# can you run WNDOWS 7 64-bit on an Atom N570 processor?



## GoonieGooGoo (Jul 21, 2010)

According to all reports the Atom N570 is a dual-core 64-bit processor.....granted its not powerful but is it better to install WIN7 64-BIT on it rather than 32-bit?


----------



## aciid (Jul 18, 2008)

It is used in alot of netbook, and is compatible with Win7 x64.
You will get more out of the basic OS manouvers when installing x64, however x86 applications needs to be emulated to run. (Not to worry, not really noticable speed-wise).

Some applications does not run well on x64 platforms, so you should really check with the specific applications that you are using.
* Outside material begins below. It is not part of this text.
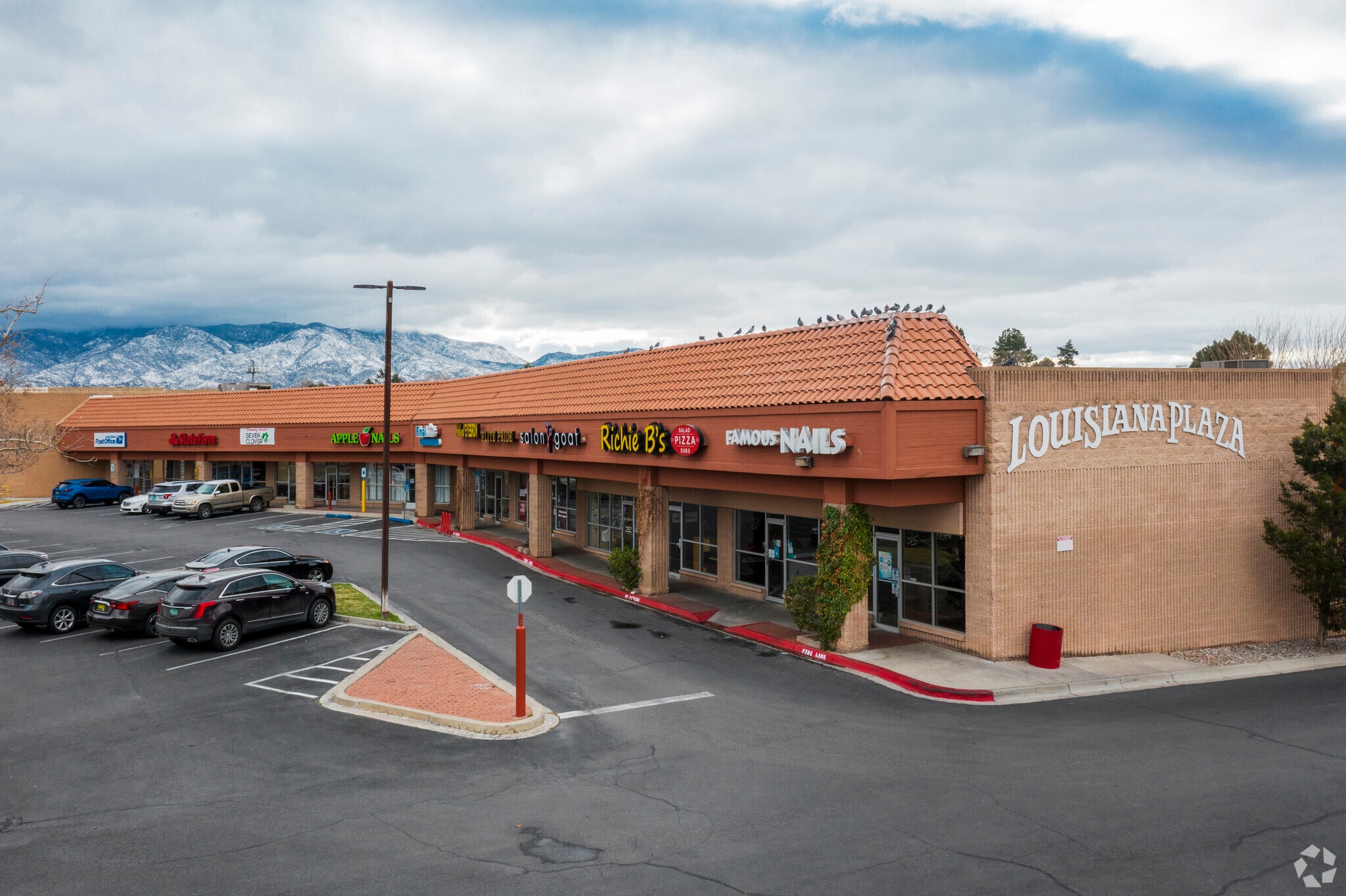 7200 Montgomery Blvd NE, Albuquerque, NM for lease Primary Photo- Image 1 of 8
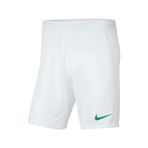 Nike BV6855-102 M NK DF Park III Beyaz Erkek Futbol Şort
However I would recommend installing the x64 version.

Review/benchmark tests:
Atom N570 Benchmark / Review - Reviews, News


----------



## cluberti (Aug 26, 2010)

Most major OEMs shipping this are shipping 32bit Win7, but that's because it's Starter on netbooks (cost) rather than technical. 64bit will be fine (probably just as fast or slow as 32bit), as it will all really depend on what you load on it. If it's a machine with 1GB of RAM or less though, you need to make sure you aren't trying to heavily multitask on it (with either 32 or 64bit).


----------



## GoonieGooGoo (Jul 21, 2010)

I am debating attempting to install this on a a new ASUS EEE T101MT (EU37-BK)
but given the Touch capabilities I am sure that there are not 64-bit drivers available for it....so any speed bump I would get from 64-bit vs 32-bit would be note worth it.

RIght now I am extremely impressed but the T101MT touch capabilities....pretty snappy for a netbook.


----------